On 25 May, Irish citizens will decide whether or not to repeal part of their constitution, the Eighth Amendment, which outlaws abortion, even in cases of rape or incest. Abortion is currently permissible when the mother’s life is at risk.

A referendum in 1983 saw the amendment instituted, with the country affirming to protect as far as practicable the equal right to life of the unborn and the mother. Critics of the constitution say the legislation places women at risk of dangerous backstreet abortions. Around nine women travel to another country a day for the of procedure, campaigners have noted. Abortion is also severely restricted north of the border, meaning women often have to travel to northern England, an isolating and financially difficult experience.

The main group advocating repeal, Together for Yes, want to permit access to abortion up to a twelve-week limit and introduce more lenient conditions, such as rape, incest, and foetal abnormality.

The leader of the governing party, Fine Gael, has backed the repeal camp.

In a speech made in Dublin, the Irish leader Leo Varadkar urged voters to consider compassion at the polling booth. The Taoiseach said the amendment was an example of how the nation wrongs women today. “I trust women and I trust doctors,” he said, stating he wanted Ireland “to be able to look women in the eye when for too long we have looked away.”

Mr Varadkar also criticised some of the claims made by the No campaigners asking: “If we really believe the Eighth Amendment will result in five times as many women having an abortion – what does that say about us?”

The smaller parties, Sinn Fein and Labour, have also endorsed the Yes campaign. “The party I lead is a big tent; there will be no whip, no merits or demerits, just freedom of conscience,” Mr Varadkar stated. Fine Gael politicians who have broken the party line by either opposing or reserving their stance on the referendum include 13 of the party’s 15 ministers of State.

Almost half of people surveyed for a Behaviour & Attitudes/Sunday Times poll said they wanted the amendment to be repealed. 29 percent said they did not want repeal, and 21 percent said they were unsure.

Despite this public support, the debate is controversial and emotionally charged.
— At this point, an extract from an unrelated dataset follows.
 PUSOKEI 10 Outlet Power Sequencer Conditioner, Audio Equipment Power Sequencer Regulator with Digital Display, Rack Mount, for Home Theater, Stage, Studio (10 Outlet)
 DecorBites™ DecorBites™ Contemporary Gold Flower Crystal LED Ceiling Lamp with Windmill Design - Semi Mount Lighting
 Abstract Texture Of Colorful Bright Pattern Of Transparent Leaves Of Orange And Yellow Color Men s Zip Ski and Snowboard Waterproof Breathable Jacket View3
Tensions peaked last week with the removal of a pro-choice mural in Dublin, which Yes campaigners have dubbed as censorship.
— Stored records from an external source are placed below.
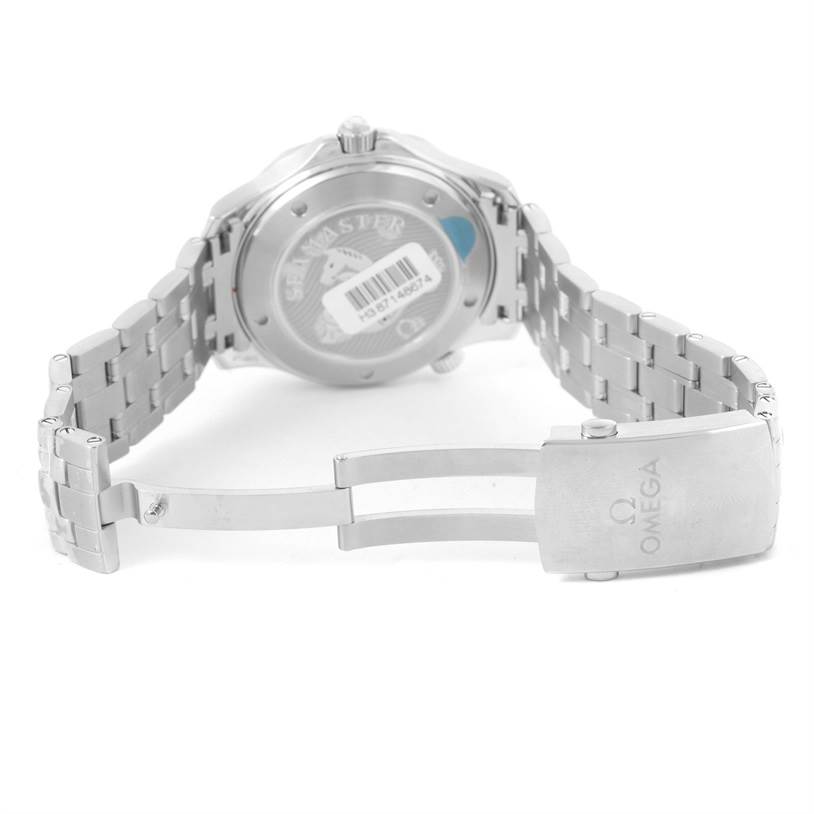 The image shows the back case, clasp, and metal bracelet of an Omega Seamaster 212.30.41.20.03.001 Men
s Stainless Steel Blue Dial 212.30.41.20.03.001 Men
s Stainless Steel Blue Dial watch.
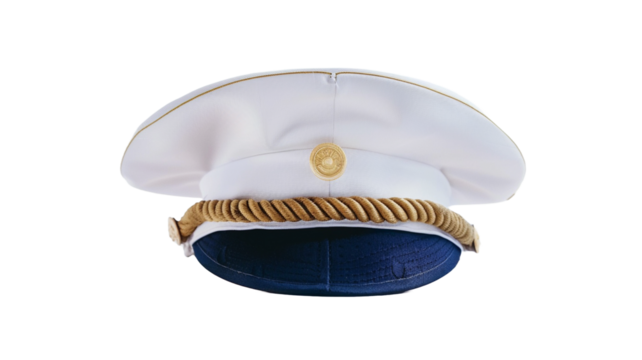 Nautical captain hat on transparent background PNG. 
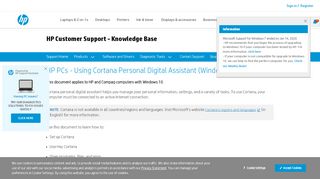 
                            13. HP PCs - Using Cortana Personal Digital Assistant (Windows 10 ...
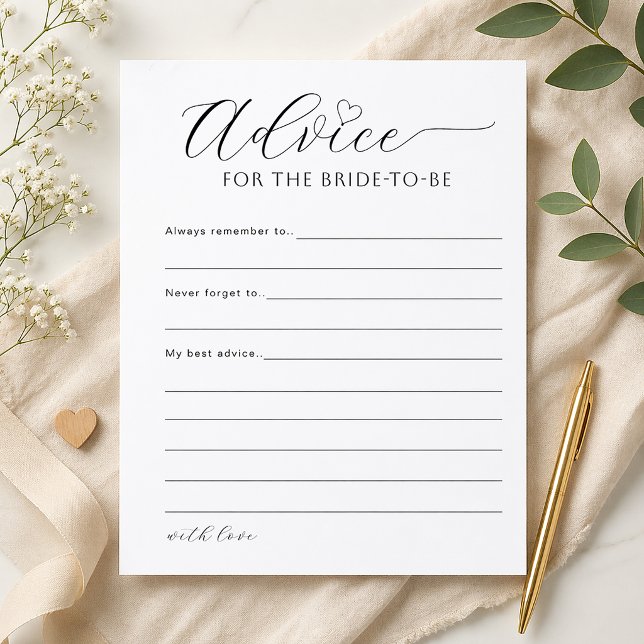 Poster Advice for the Bride Printable Bridal Shower Game (Bridal Shower Game Sheet)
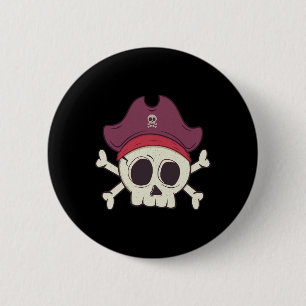 Macaron Rond 5 Cm Drôle Pirate Skull Cartoon Halloween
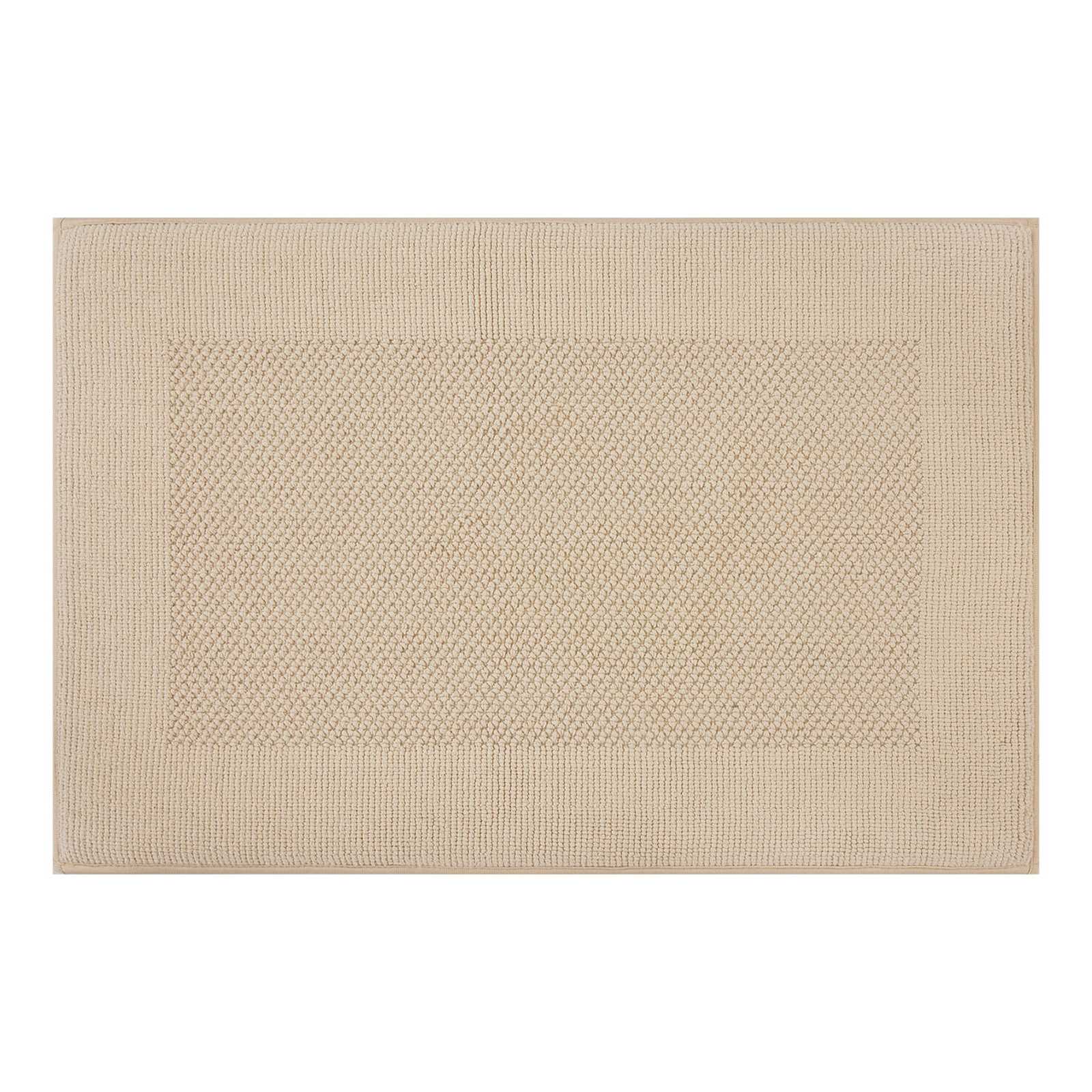 Tan Waffle Border Memory Foam Bath Rug, 20x30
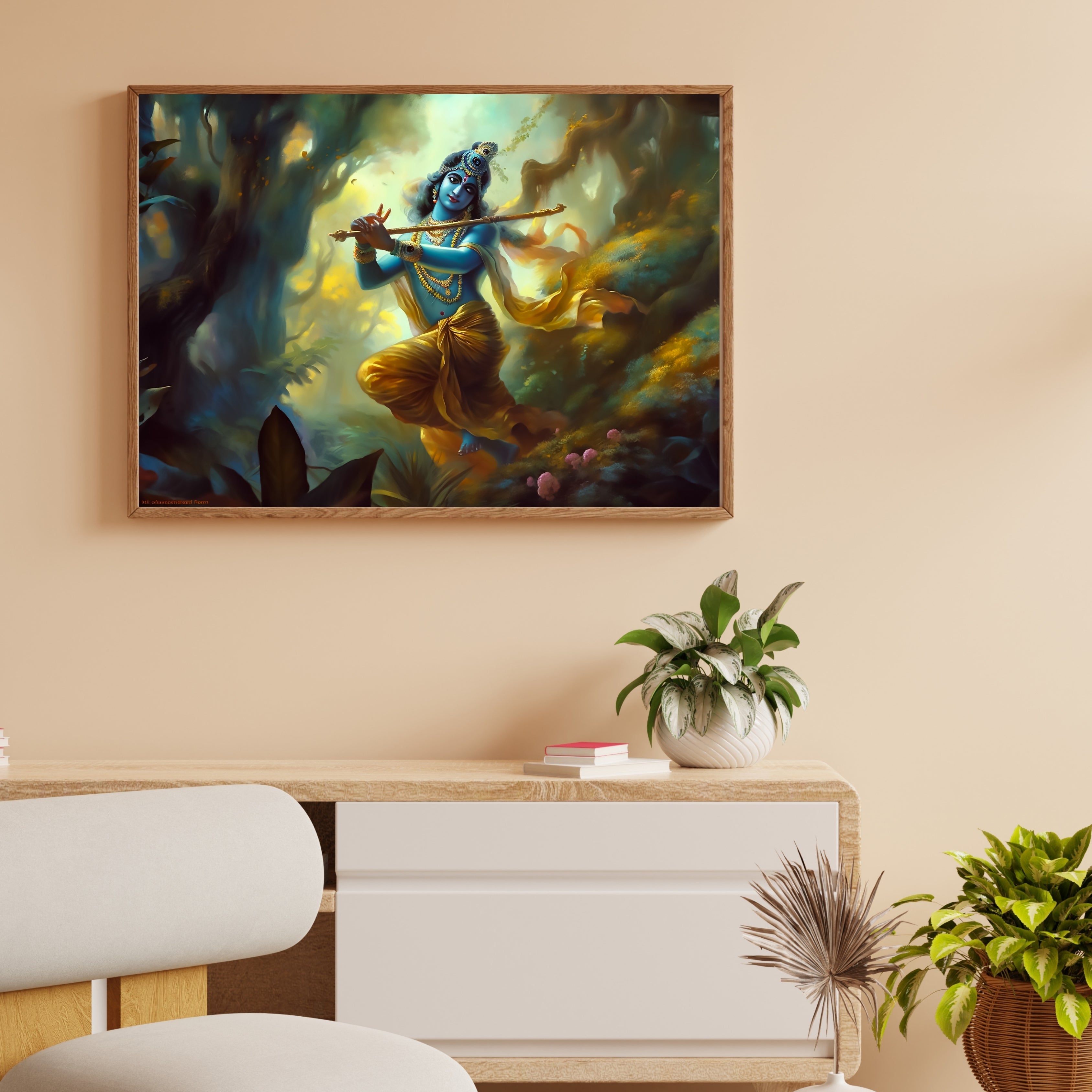 Krishna’s Melodious Embrace Krishna Krutik Canvas Painting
The Catholic Church has been advocating for its members to vote No in the ballot, describing the impact of repeal as ushering in “unrestricted access to abortion”. Both the Church of Ireland primate, Archbishop Richard Clarke, and the Archbishop of Dublin, Michael Jackson, said ending pregnancies “at any stage” was “not an ethical position we can accept”. This is the church’s long-standing position.